Head Coach Mike Tomlin: Not enough playmaking for us in any of the three phases to secure victory. Obviously, there was enough playmaking by them. I want to congratulate them on their efforts. I thought we could have tackled better. That contributed to some of the splash plays, the big run late. Obviously, we didn’t do enough in that area. We dropped a couple balls, those types of things. But just in general, enough playmaking by them in a close football game. Not enough by us, whether it’s at the end of the game or whether if you look at it throughout. We accept responsibility for that. No major injuries. Just minor bumps and bruises associated with playing.

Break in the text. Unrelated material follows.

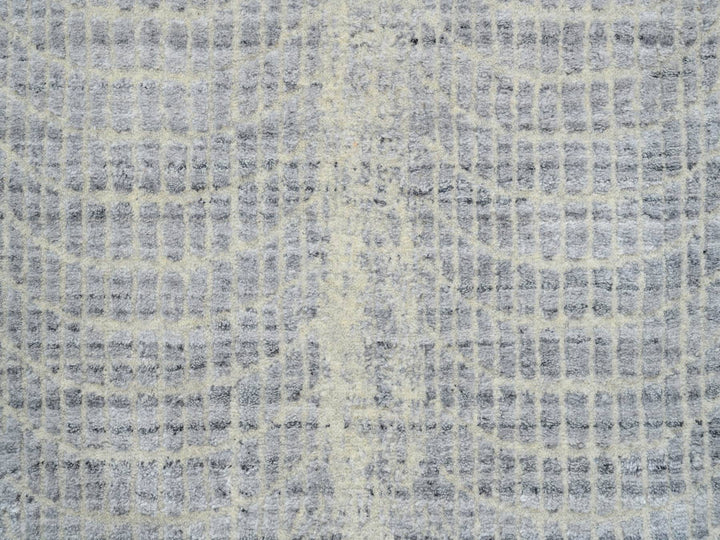 2'6" x 8'0" New Hand Loomed Grey Wool & Silk Runner Oriental Rug - MOA10263762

You had some big penalties, especially when you were trying to kill the clock late. Was there miscommunication there with Ramon Foster going down field?

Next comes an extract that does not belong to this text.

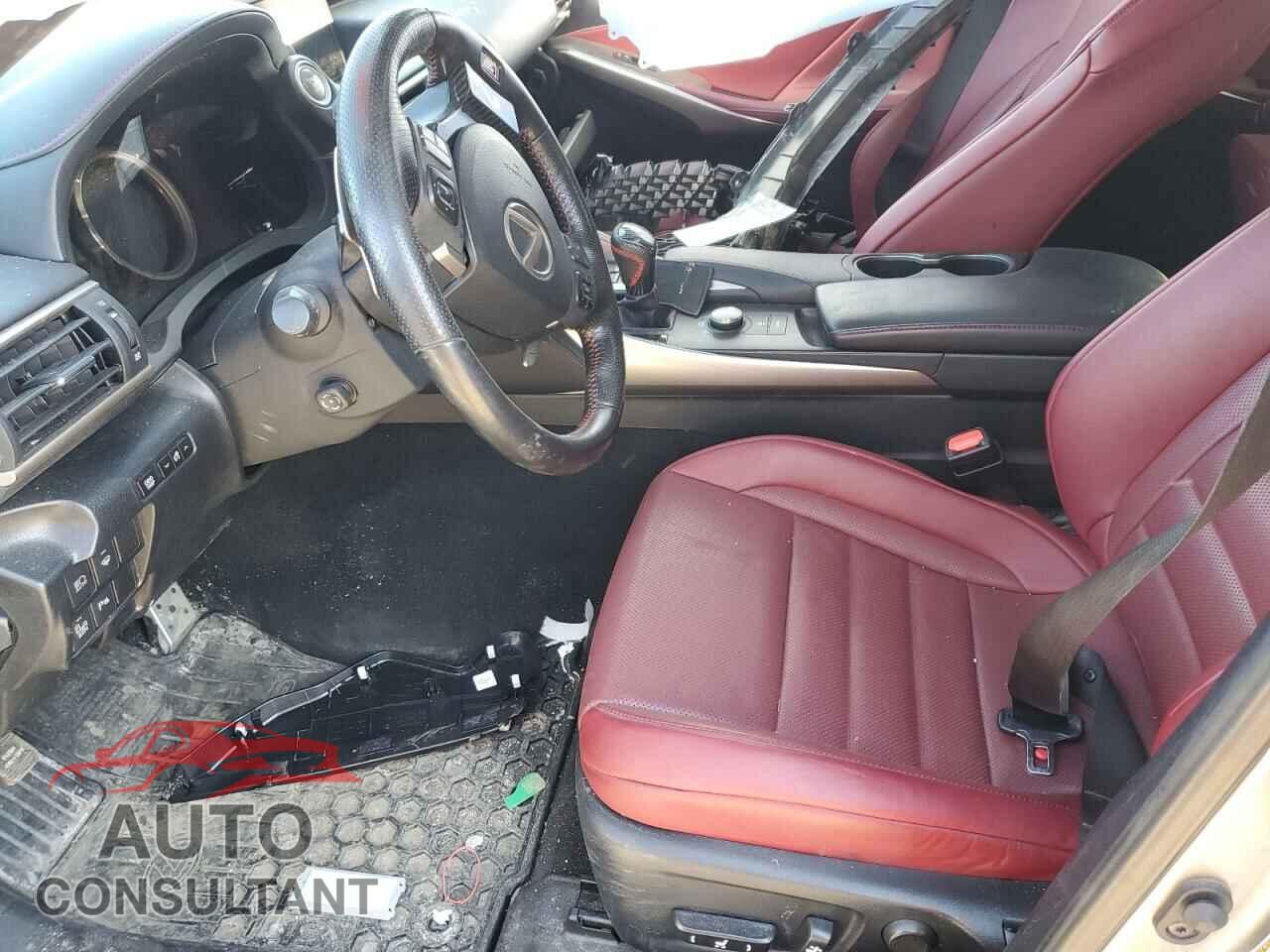 LEXUS IS 2018 - JTHC81D27J5029389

It didn’t look like he was too far down field. Obviously, I’ve got to respect the call made by the officials, but I’ll review the tape before I pass judgment on the quality of that call. Obviously, we run a bunch of those plays and have, not only in recent weeks but over the course of the season. That hadn’t been an issue for us, but I’ll respect his call.
Re: Decision to go for it on fourth-and-10:
Obviously, if we were successful then we could continue on. We hadn’t done a great job of stopping him in the second half, so we weren’t ensured of getting the ball back. If you punt there, they have an opportunity to convert third downs and kill the clock and the game. I thought if we went for it we had an opportunity to continue on. If we didn’t, then whatever was going to happen was going to happen quickly, and we had an opportunity to have the ball at the end, which is what we did.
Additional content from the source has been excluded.